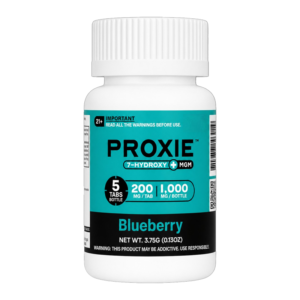PROXIE 7-HYDROXY+MGM TABLETS BOTTLE 200MG 5CT - BLUEBERRY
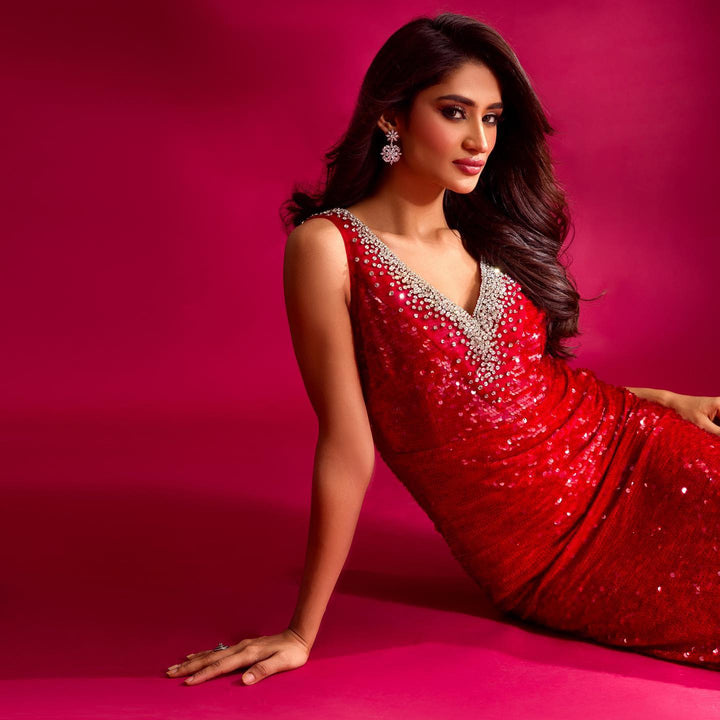 Akshita Gosain in Florence Dress
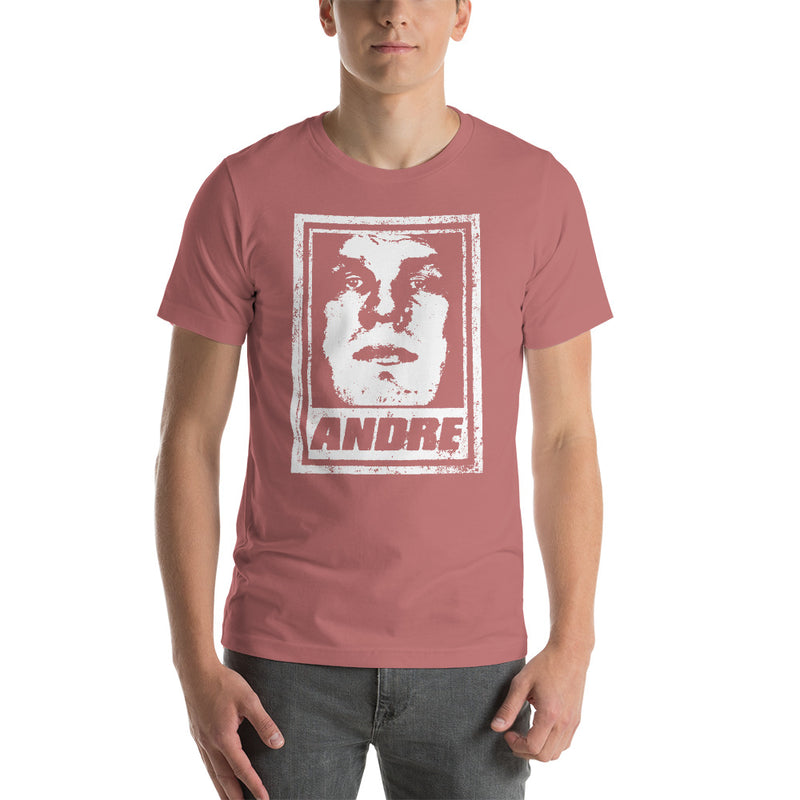 Andre the Giant "Street Art" Unisex T-Shirt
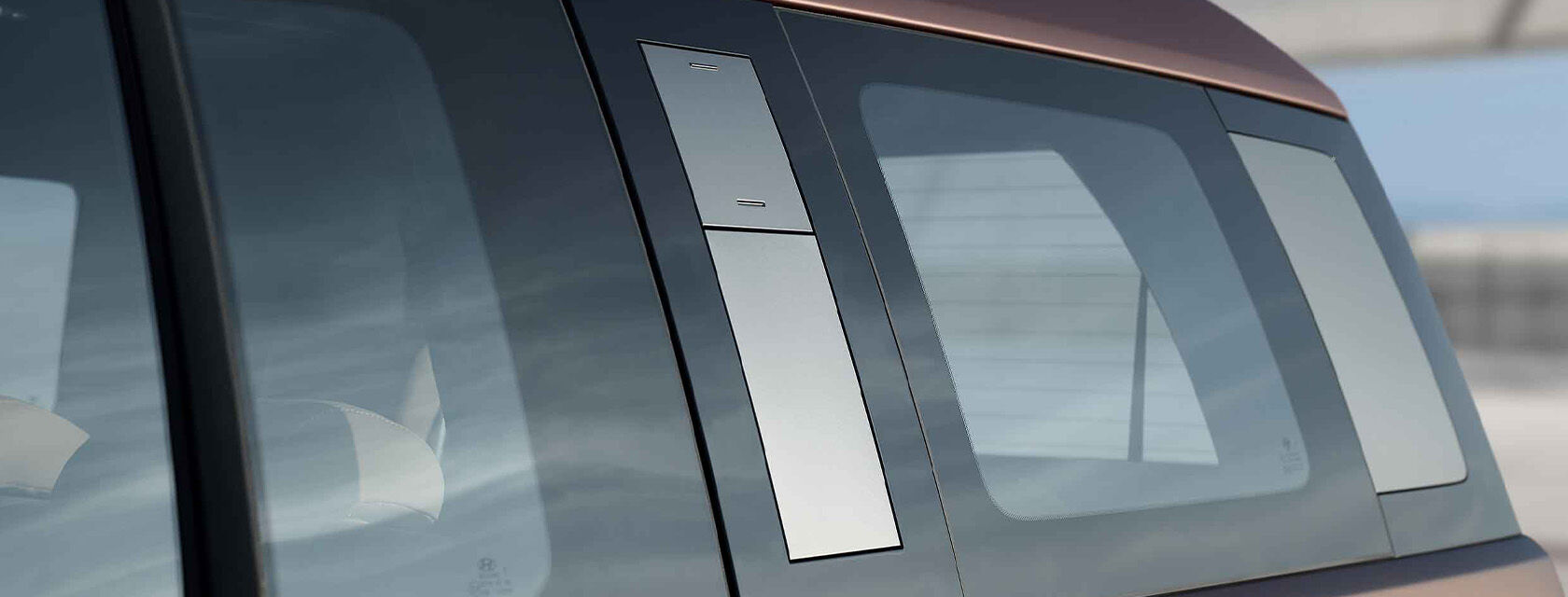 싼타페 하이브리드 외관 사이드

▸ How to complete this task
With the pictures removed, return the listing above in its exact original wording.

▸ Answer space
PROXIE 7-HYDROXY+MGM TABLETS BOTTLE 200MG 5CT - BLUEBERRY
 Akshita Gosain in Florence Dress
 Andre the Giant "Street Art" Unisex T-Shirt
 싼타페 하이브리드 외관 사이드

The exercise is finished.